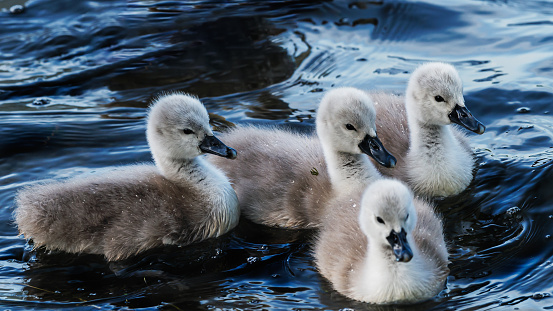 photos of multiple young cygnets lying down on the edge of a lake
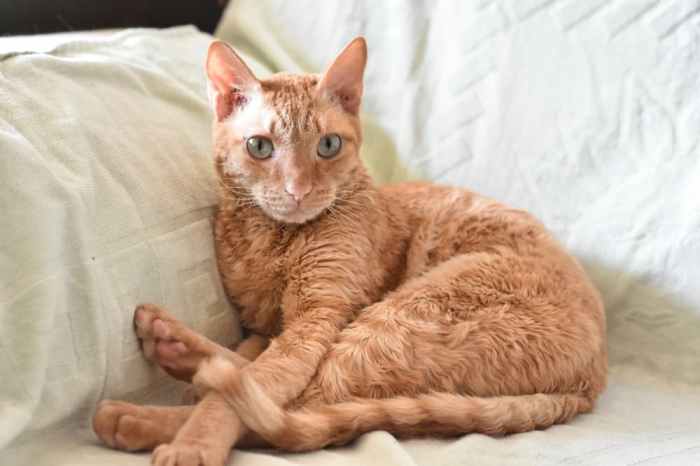 Curly Coat Cat Breeds at Hayley Forster blog
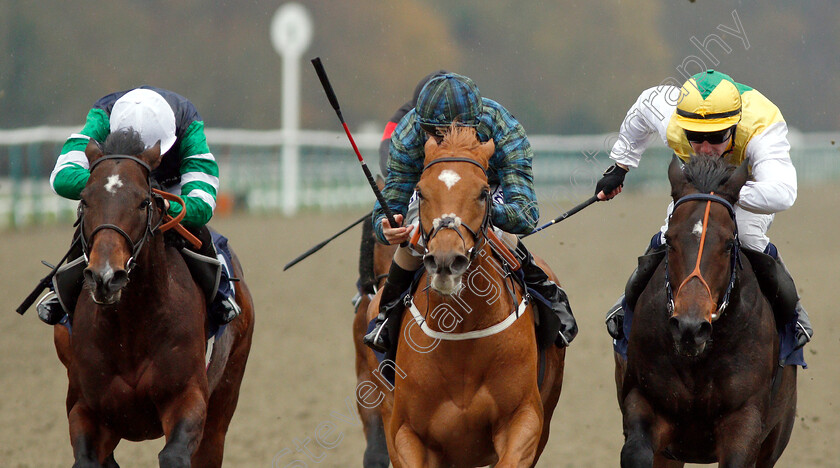 Silca-Mistress-0006 
 SILCA MISTRESS (centre, David Probert) beats HUMAN NATURE (right) and DRAKEFELL (left) in The Betway Sprint Handicap
Lingfield 20 Nov 2018 - Pic Steven Cargill / Racingfotos.com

++++

## What you are asked to do
Print every line above exactly. Leave the pictures out.

## Response to the task
 photos of multiple young cygnets lying down on the edge of a lake
 Curly Coat Cat Breeds at Hayley Forster blog
 Silca-Mistress-0006 
 SILCA MISTRESS (centre, David Probert) beats HUMAN NATURE (right) and DRAKEFELL (left) in The Betway Sprint Handicap
Lingfield 20 Nov 2018 - Pic Steven Cargill / Racingfotos.com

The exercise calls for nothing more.